Наверное, потому, что мягкость и благожелательность долговечнее всего другого. При том, что у него они отличаются особой закалкой, ибо были рождены в угрюмую, жестокую — «или— или» — эпоху. Как минимум, его манера поведения, в стихах и в жизни, судя по всему, была в той же степени результатом выбора, что и темперамента. В слюнтяйские — вроде нынешних — времена человек, в особенности писатель, может позволить себе быть брутальным, тощим и злющим и т. п. Более того, в слюнтяйские времена писатель практически вынужден торговать чернухой и отбросами, иначе никто не купит. При Гитлере и Сталине идешь другим путем… Ох уж, эти брутальные дарования для массовых тиражей! Столь многочисленные, столь ненужные, купающиеся в деньгах. Одно это может вызвать ностальгию по тридцатым и внести хаос в ощущение сродства. В конечном счете, однако, в жизни, как и на бумаге, — в поступках, как и в эпитетах, — важно лишь то, что помогает тебе сохранить человеческое достоинство. Мягкость и благожелательность помогают. Уже по одному этому он остается — и будет оставаться — осязаемым. С каждым днем — все больше и больше.
15
Безотносительно к моим замысловатым фантазиям (сродство, духовная семья и пр.), мы с ним прекрасно ладили. Отчасти это объяснялось совершенной непредсказуемостью хода его мысли и ее поворотов. На людях он всегда блистал остроумием — не столько ради окружающих, сколько потому, что был органически не способен на банальность. Расхожая идея слетала с его уст лишь для того, чтобы к концу фразы от нее остались пух и перья. При этом себя он тоже не стремился развлечь: просто его речь пыталась не отстать от непрерывного бега мысли и потому нередко оказывалась непредсказуемой для него самого. Принимая во внимание его возраст, прошлое на удивление редко служило ему темой, намного реже, чем настоящее или будущее, по которому он был великий спец.

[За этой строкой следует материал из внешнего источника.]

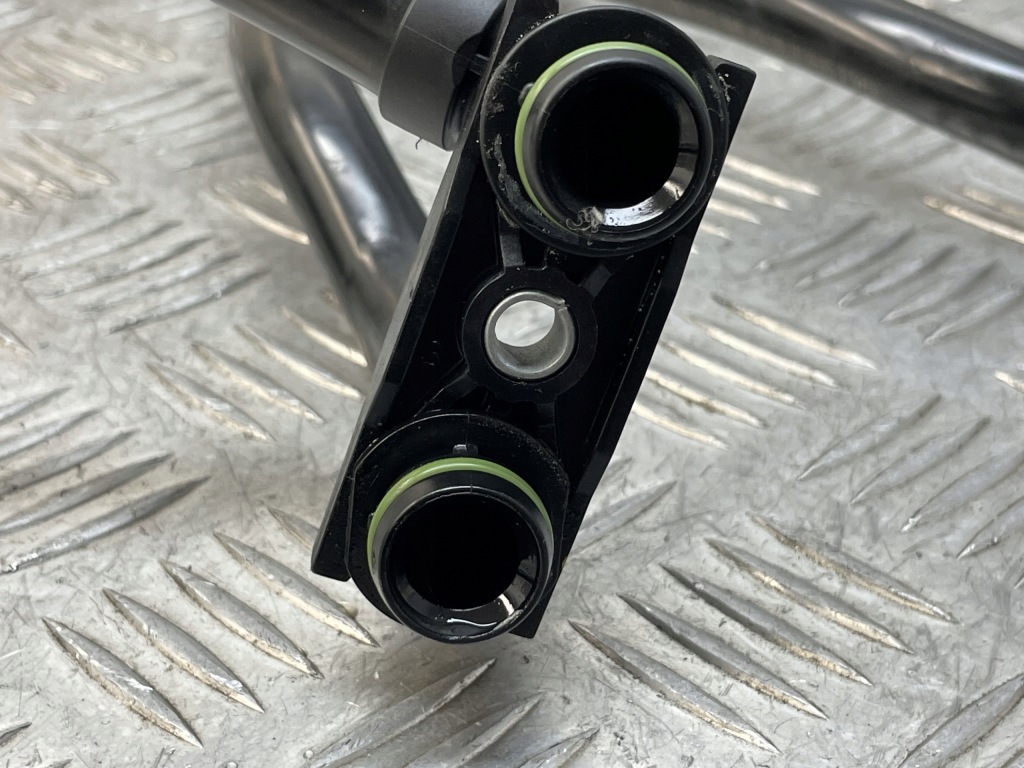 Bmw оригінальний номер 9452051 8482755 9468402 x5 g05 3' g20 шланг оливи масляний Оригінал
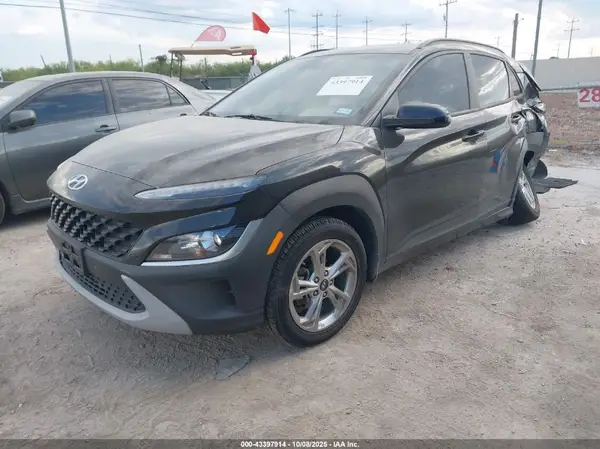 KM8K32AB4NU926943 2022 HYUNDAI KONA - Image 2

Отчасти, думаю, это объяснялось родом занятий. Поэзия — колоссальная школа неуверенности и неопределенности. Никогда не знаешь, стоит ли чего-нибудь сделанное тобою, и еще менее того — сможешь ли сделать что-то стоящее завтра. Если это тебя не сломает, то через какое-то время неуверенность и неопределенность становятся твоими ближайшими друзьями, и ты только что не начинаешь наделять их автономным сознанием. Потому-то, подозреваю, его всегда так интересовало будущее — стран, отдельных людей, культурных тенденций: он словно бы пытался заранее предусмотреть все возможные ошибки, но не для того, чтобы в итоге их избежать, а чтобы лучше узнать тех самых своих ближайших друзей. По этой же причине он никогда не распространялся о своих достижениях, впрочем, как и о злоключениях.
16
Все это может создать впечатление, что он был свободен от честолюбия, лишен тщеславия. И впечатление это, мне кажется, будет в общем и целом верно. Помню, как однажды, много лет назад, мы со Стивеном выступали с чтением стихов в Атланте, штат Джорджия. Точнее, мы собирали деньги на «Индекс цензуры» — журнал, который, насколько я понимаю, был по существу его детищем и судьба которого, не говоря о проблеме цензуры, глубоко его волновала.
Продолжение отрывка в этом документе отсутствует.